- The Washington Times - Sunday, May 8, 2016

After an academic year marked by the normalization of the phrase “safe space,” a group of higher education reformers has a recommendation for schools looking to avoid another “annus horribilis”: Hire more conservative professors.

Heterodox Academy, an advocacy group of scholars of all political persuasions, wants to give the hallowed halls of America’s colleges and universities a fresh coating of intellectual diversity.

Although the university has always leaned to the left, Heterodox Academy says progressive orthodoxy has taken on a religious significance to the point where disagreement on contentious issues is akin to blasphemy. As headlines chronicling ubiquitous protests and censorship on campus indicate, in the “Orthodox Academy,” dissenters are punished.

One of the leading culprits, according to Georgetown University law professor Nicholas Rosenkranz, a founding member of Heterodox Academy, is an intellectually homogeneous faculty.

Mr. Rosenkranz said students do not necessarily arrive on campus with a visceral opposition to new ideas. Rather, they are inculcated into ideological conformity, unable to tolerate conservative speakers who come to campus because they have never been exposed to conservative professors in the classroom.

“In a way, it’s unsurprising that some liberal students don’t quite know how to react to views that they don’t agree with, because they are presented with such views so infrequently,” Mr. Rosenkranz said. “The vast majority of the Georgetown Law student body will graduate after three years without ever laying eyes on a conservative behind a podium.”

He said the difficulty in diversifying faculties lies in the hiring process, in which overwhelmingly progressive departments decide who gets hired, promoted and tenured.

Studies have underscored the role ideological bias plays in determining departmental hiring.

George Yancey, a sociologist at the University of North Texas, found that 30 percent of professors would be less likely to hire Republican candidates.

The discrimination faced by Christian job seekers is even more dramatic, with majorities in English and anthropology departments acknowledging a bias against evangelical candidates.

Peter Wood, who has been fighting to reform the university in his capacity as president of the National Association of Scholars, said increasing intellectual diversity has long been a goal of higher education critics, but “nobody yet has found a way to break that logjam.”

“Most faculty positions are filled by search committees that are made up of the current faculty members and the departments for which the search is going on, and those search committees have a very strong tendency to replicate themselves,” Mr. Wood said. “They seek people who are of like mind, and the search for ideological diversity stops there.”

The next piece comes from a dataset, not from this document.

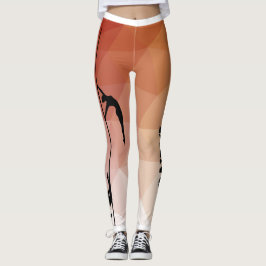 Poletanz-und -Fitness-rote und orange Leggings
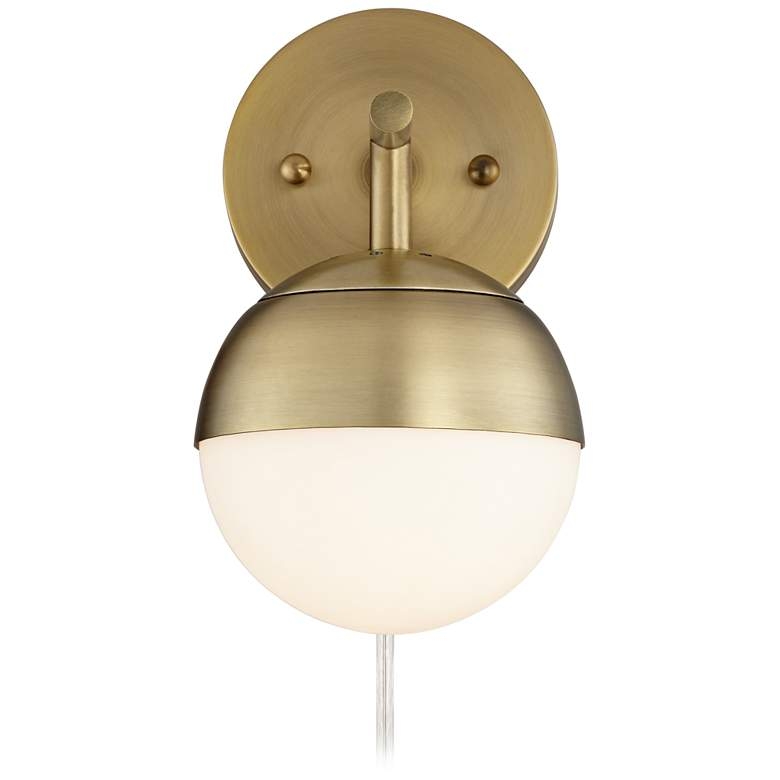 360 Lighting Luna 10" Globe Brass Plug-In Wall Lamp with USB Dimmer - Image 2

“It’s a very tough nut to crack,” Mr. Rosenkranz concurred, adding that, absent a more specific solution, the best way to reform the university is simply to “make noise about it.”

“The American people know that universities ‘lean’ to the left, but they have no idea how extreme the imbalance is,” he said. “Even folks who follow this issue fairly closely are often surprised when I tell them that on the Georgetown Law faculty, for example, our liberal-conservative ratio is 123-to-2. People are pretty surprised by that ratio, so I try to publicize that as often as I can.”

If success is measured by attention, Heterodox Academy may be making inroads.

Co-founded and championed by New York University social psychologist Jonathan Haidt, Heterodox Academy has won support even in liberal corners.

The group mirrors its creator by viewing the problems faced by the university through a scientific, almost medical lens. For instance, articles promoted on the group’s website link to studies demonstrating the healthy psychological boost received by students exposed to more than one viewpoint, or the scholarly advantages enjoyed by researchers in intellectually diverse departments.

One representative article, co-authored by Mr. Haidt and published in Behavioral and Brain Sciences, is titled “Political Diversity Will Improve Social Psychological Science.”

The appeal to science has enchanted some liberals, who cannot dismiss peer-reviewed studies as easily as a conservative claim to free speech.

New York Times columnist Nicholas Kristof wrote a self-flagellating op-ed for Sunday’s editions titled “A Confession of Liberal Intolerance,” citing the work by Heterodox Academy and remonstrating liberals for their double standard when it comes to diversity.

“We’re fine with people who don’t look like us, as long as they think like us,” Mr. Kristof wrote.

“Universities should be a hubbub of the full range of political perspectives from A to Z, not just from V to Z,” he wrote. “So maybe we progressives could take a brief break from attacking the other side and more broadly incorporate values that we supposedly cherish — like diversity — in our own dominions.”